None of this is new in 2020. We have been getting more and more decorated for decades. What does seem different this season is our attitude.
The whole decorating operation seems almost frantic, fraught with a collective yearning for what feels “normal” at this special time of year. Maybe if we just put up one more ornament or one more wreath, the horrors of 2020 will magically be behind us. It is an understandable human reaction to stress—to divert attention away from the problem and onto something that gives us pleasure.
There is no getting around the reality that COVID is everywhere among us. COVID is now the leading cause of death in the United States, taking more people than cancer, heart attacks and strokes. The daily death toll is approximately one 9/11 attack every single day, and infectious disease experts expect that dreadful number to continue rising as many Americans tire of COVID restrictions and others intentionally and inexplicably thumb their noses at them without regard to others, including their own loved ones. We should all be shamed by the exhausted doctors and nurses weeping publicly for government masking mandates, because they simply cannot work any harder or longer.

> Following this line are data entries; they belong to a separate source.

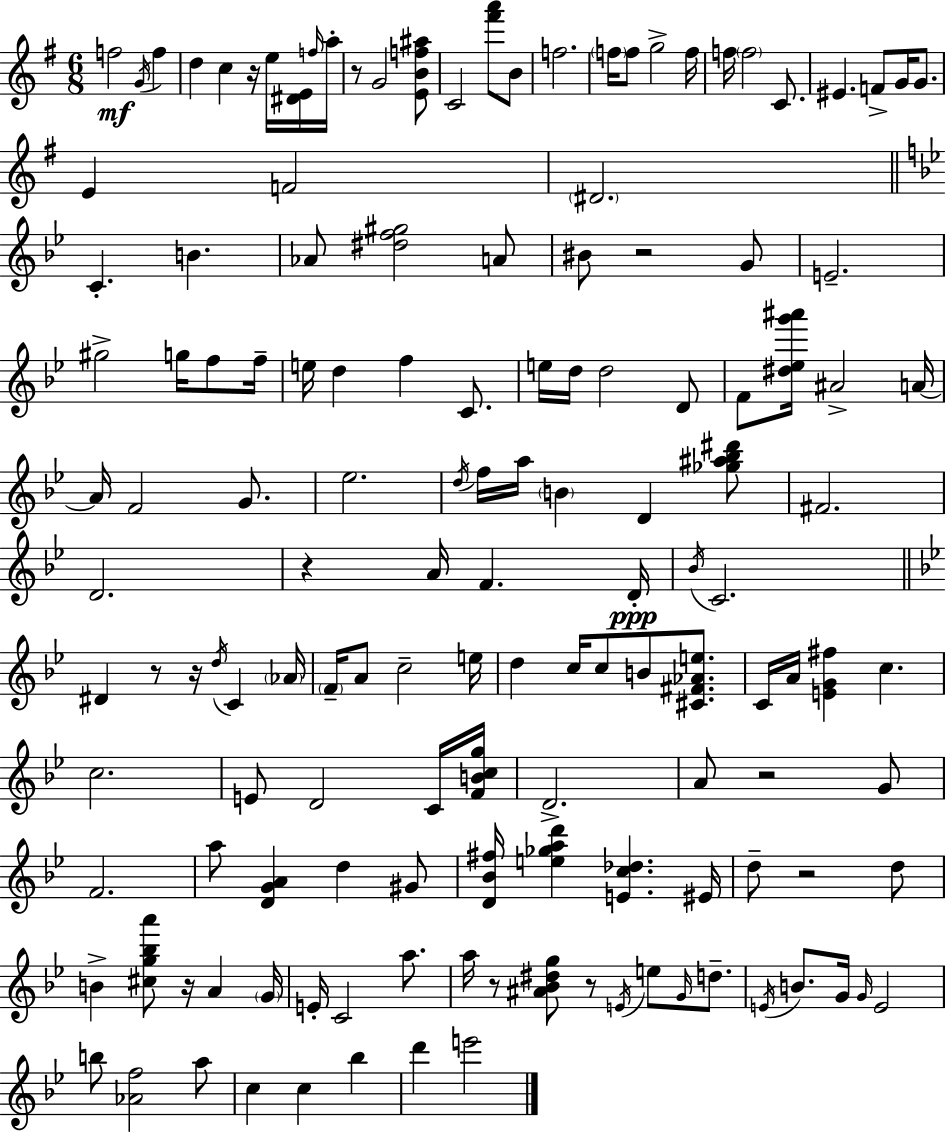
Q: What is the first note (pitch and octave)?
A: F5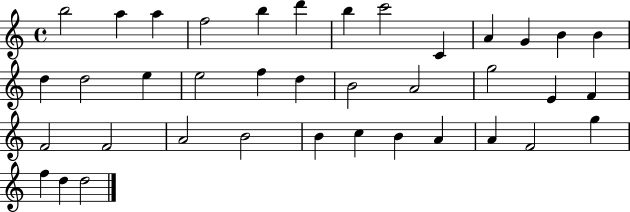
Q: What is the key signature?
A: C major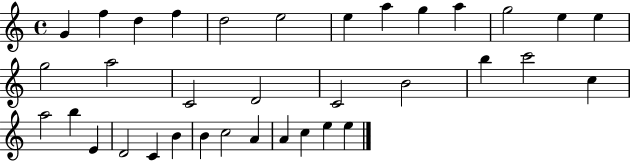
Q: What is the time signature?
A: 4/4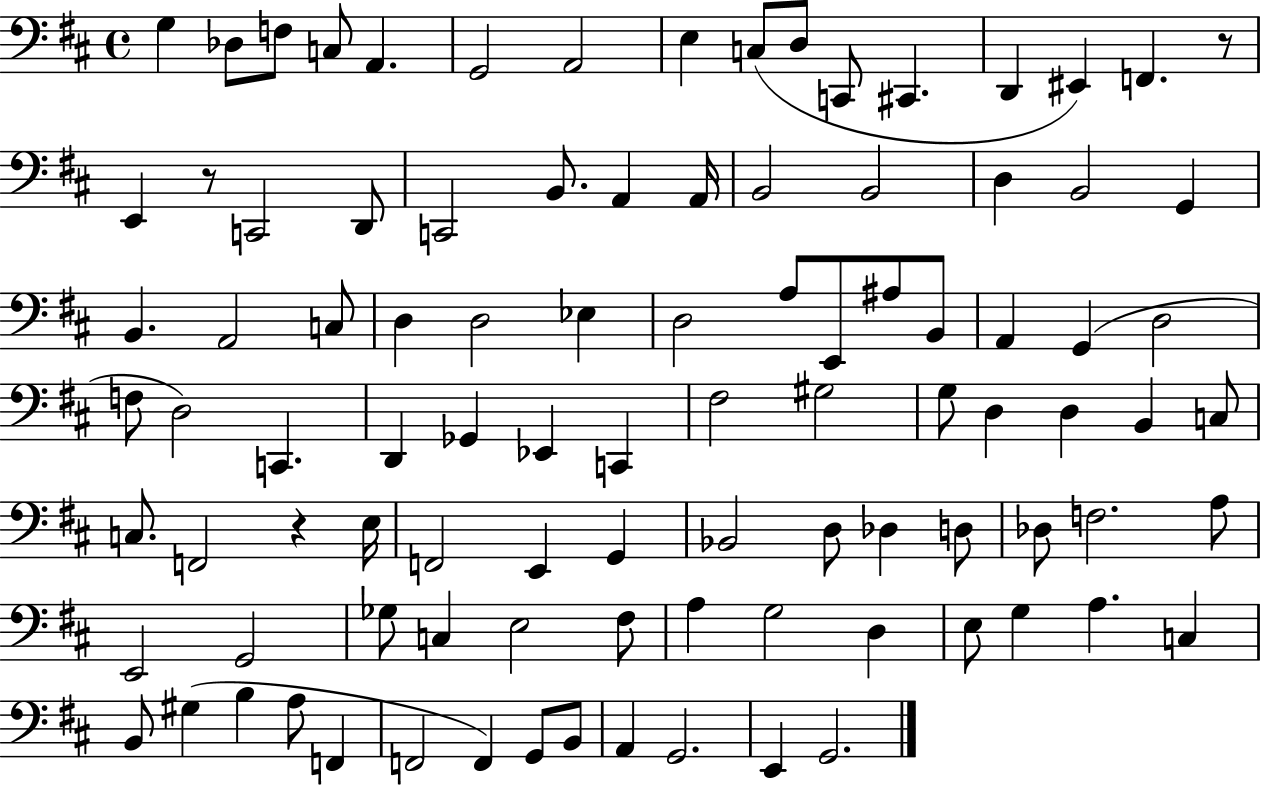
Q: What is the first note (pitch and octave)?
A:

For months after COVID landed on American soil, I knew no one who had been infected, and while I tried to adhere to expert advice, I sometimes felt a little silly in my mask. Today, the first friend I know who caught COVID in April, a healthy 42-year-old woman, says she finally breathes well and feels herself after all these months. Others within my circle of friends and acquaintances have been infected and become ill, some with more severe symptoms than others and several who were hospitalized, have recovered. Two have died, leaving families both stunned and devastated.
The Dicksons are decorating, though not with a light show, and looking forward to a peaceful holiday season. We will not see many others outside our family circle, and we will miss them and the warm occasions of past holidays. We also know that this is the right call for 2020.
Not to do so makes us wrong—possibly dead wrong.